Una norma fundamental de cualquier experimento científico es que tiene que ser reproducible. Un experimento es reproducible cuando siempre produce un resultado idéntico, sin importar dónde o cuándo se realice, y sin que importe tampoco quién sea el investigador que lo lleve a cabo. Si no es así, algo falla. O bien la hipótesis es errónea[3], o bien no es demostrable, o bien el método usado para demostrarla es incorrecto. Por lo tanto, tenemos que averiguar si los experimentos con animales (incluido el animal humano) tienen la característica intrínseca de la reproductibilidad.

Encontramos la respuesta en una investigación llevada a cabo en la Universidad de Bremen, cuyos resultados fueron publicados en un artículo titulado “Die Problematik der Wirkunschwelle in Pharmakologie und Toxicologie” (“Problemas del Umbral de Eficacia en Farmacología y Toxicología”[4]). La investigación demostró que:

1. Los animales jóvenes reaccionan de manera diferente que los de mayor edad a la radiación ionizante.

2. Hay diferencias importantes en los efectos de los tranquilizantes en los animales jóvenes y en los de mayor edad.

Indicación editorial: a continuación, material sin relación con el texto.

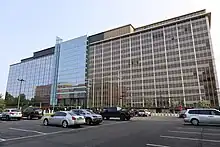 A photo of a building whose left side is blue glass, and right side is brown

3. En los tests DL-50 (DL = dosis letal; los tests están diseñados para descubrir qué dosis causa la muerte del 50% de los animales experimentales) efectuados con ratas por la tarde, casi todas las ratas murieron; en los tests realizados por la mañana, todas sobrevivieron. En los tests llevados a cabo en invierno, las tasas de supervivencia eran del doble de las registradas en verano. Cuando se administraron sustancias tóxicas a ratones que estaban en jaulas atestadas de animales, casi todos murieron, mientras que todos los ratones que recibieron la sustancia en jaulas con un número normal de animales sobrevivieron.

Los autores de la investigación concluyeron lo siguiente: “Si tales diferencias medioambientales mínimas produjeron unos resultados tan divergentes e imprevistos, los experimentos con animales no son válidos para la deter­minación de la seguridad de las sustancias químicas, y es completamente absurdo extrapolar a la medicina humana unos resultados que son intrín­secamente falsos”.

Finalmente, hay que tener en cuenta que las consideraciones que acabamos de incluir no fueron realizadas por unos antiviviseccionistas, sino por los propios viviseccionistas, que han tenido el mérito de definir las limitaciones de una metodología en la que hasta ahora siempre habían creído con firmeza.



[1] El “criterio de falsificación” expuesto por Karl Popper, el filósofo austriaco, afirma que una proposición no es científica si no se puede demostrar que es falsa. Por ejemplo, la proposición “dentro de mil años el sol se extinguirá” no es científica, porque nadie está en posición de demostrar que no ocurrirá.
[2] La diversidad entre las proteínas y entre otros componentes (fundamentalmente polisacáridos) de las diferentes especies (vegetales y animales) es algo básico en todos los fenómenos de la inmunología, por ejemplo en las alergias y en el rechazo de órganos.
[3] Una proposición falsa es una del tipo: “El ser humano puede volar moviendo los brazos”. Dicha proposición, sin embargo, contiene en sí misma el criterio de falsificación de Popper, porque cualquiera puede demostrar que es falsa. Por otro lado, una proposición cuya falsedad nunca podría demostrarse sería del tipo: “Dentro de mi años el sol se extinguirá”.
[4] Estos datos nos fueron proporcionados por el cirujano alemán Werner Hartinger, de Waldshut-Tiengen.